But a resurgent Russia will allow no one but itself to send additional troops.

All does not go well however, and the Russian backed air assault to take the critical town of Khorugh fails.

The interim government desperately reaches out to anyone who can help and a traditionally isolationist India decides to support in the face of worsening weather and ominous moves by other nations.

As the GBAO looks lost for the winter, it is up to a heavily outnumbered company of a Mechanized battalion of the Indian Army to hold a critical pass on the M 41 highway, the only link into Khorugh, till reinforcements arrive.

Sphere of Influence can be purchased from Amazon


Ashish Dhongde was born in India. His father was in the Indian Army from whom Ashish heard anecdotes of life on the border. His first book Sphere of Influence is set in an India that is surging ahead and regaining the place that it held in the 17th and 18th century and earlier. Sphere of Influence is a book on an India that is prepared to look beyond it immediate borders. He aspires to be what a Tom Clancy is for the US or a Fredrick Forsythe for the British.

Ashish can be found on Facebook


HQ Central Military District, Yekaterinburg, Russia, September 14, 0905 HRS

It was almost 9 AM before Colonel General Kryalov, the Commander of the Russian Federation’s Central Military District could be traced and updated on the situation in Tajikistan.

The General was an extremely busy man. As the head of the Central Military District, he was responsible for an area as large as that of Canada, extending from the Arctic Circle to the borders of the old Soviet Republics.

Of Russia’s four military districts only the Eastern Military District that bordered the Pacific was larger in size.

Out of his headquarters in the quaint ten century old city of Yekaterinburg in central Russia, the General and his staff prepared strategies to counter US ships and aircraft in the Arctic sea, supported the Eastern Military District in monitoring Chinese troop movements, fought the constant drug wars against opium flowing in from Afghanistan and ensured that the ring of independent republics of the erstwhile USSR remained stable and pro-Russian.

He was also a hard line nationalist and a staunch supporter of the Russian President Vladimir Putin ever since he had come to power.

The President of Russia’s closest circle of advisors in the early 2000’s could be broadly divided into two types. The first and the bunch that had rapidly gained and then lost power was that of the of the open market supporters, the proponents of capitalism who had come into forefront with the rise of Yeltsin. They had wanted to bring in American and European companies and open up the economy. Due to their efforts, the Oligarch’s, as the owners of large private enterprises were known, had become rich; richer than ever before in the heydays of capitalism in Russia, building empires of oil, energy and minerals and pocketing much of the Russian wealth. Indeed for a time it had seemed that they had become more powerful than the army and even the President.

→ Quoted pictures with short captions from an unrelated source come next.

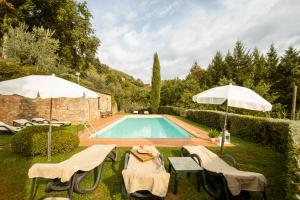 The swimming pool at or close to Casetta di Butia, Ginestra apartment with swimming pool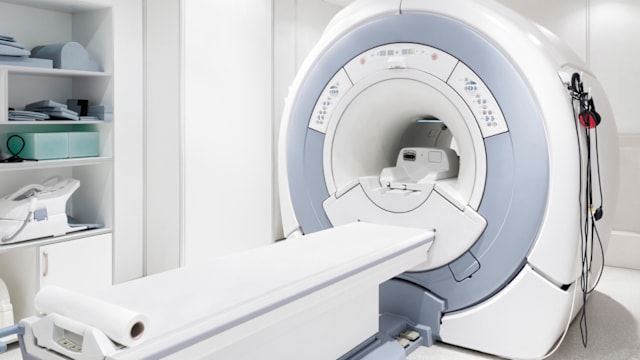 中国男子做核磁共振困机器上六小时 医生被停职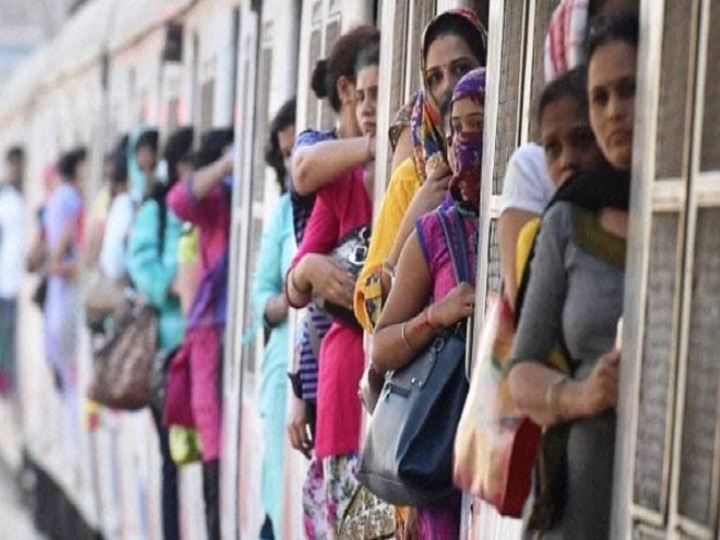 Bombay High court  disposed of PIL related to railway safety रेल्वेतील महिला डब्यांत पुरूषांची घुसखोरी थांबेना, महिला प्रवासी सुरक्षेवर प्रश्नचिन्ह कायम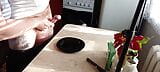 Een lul aftrekken in de keuken om mezelf een ochtendontbijt te bezorgen snapshot 8
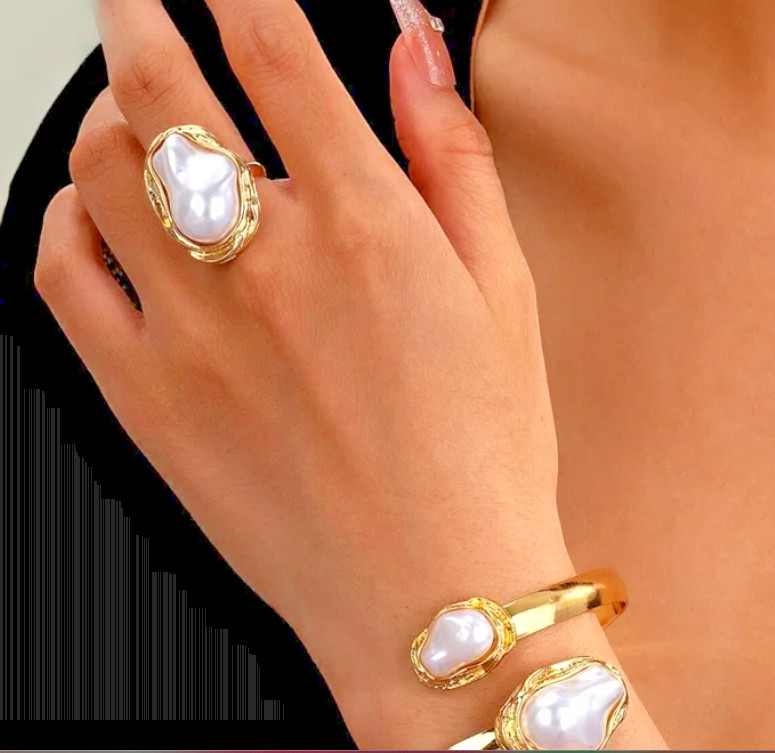 Elegant Geometric Imitation Pearl Gold Tone Bangle & Ring Jewelry Set for Women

“Then Putin arrived as a savior of the Russian people” the General liked to say to anyone who would hear. “He started the process of destruction of those bloated oligarchs, reminding them and the world, that the power to bring them down had always remained with the state and merely had to be exercised.”

It had started with the arrests of the chiefs of large private entities like Yukos and Gazprom. The Europeans had cried out at that, worried about what would happen to their tens of billions of dollars of investments and deals. Their precious government funded human rights organizations had added their voice, protesting and screaming till they were red faced…

Putin had listened to no one and had broken them all down.

The General still remembered the look on the faces of those fat cats the day they had been arrested; people like Mikhail Khodorkovsky, chief of Yukos and Viktor Chernomyrdin of Gazprom, a Yeltsin hanger-on and reputed to be the most dishonest man in Russia. Kryalov had been on secondment to the FSB when they were detained for corruption just three years after famously declaring that they were the new rulers of Russia.

There had been no sweeter day for him.

In just four years, the hard as nails Russian President, with a bunch of like-minded people from the FSB, the successor organization to the KGB and the loyal Russian military had broken the back of the rapacious capitalists.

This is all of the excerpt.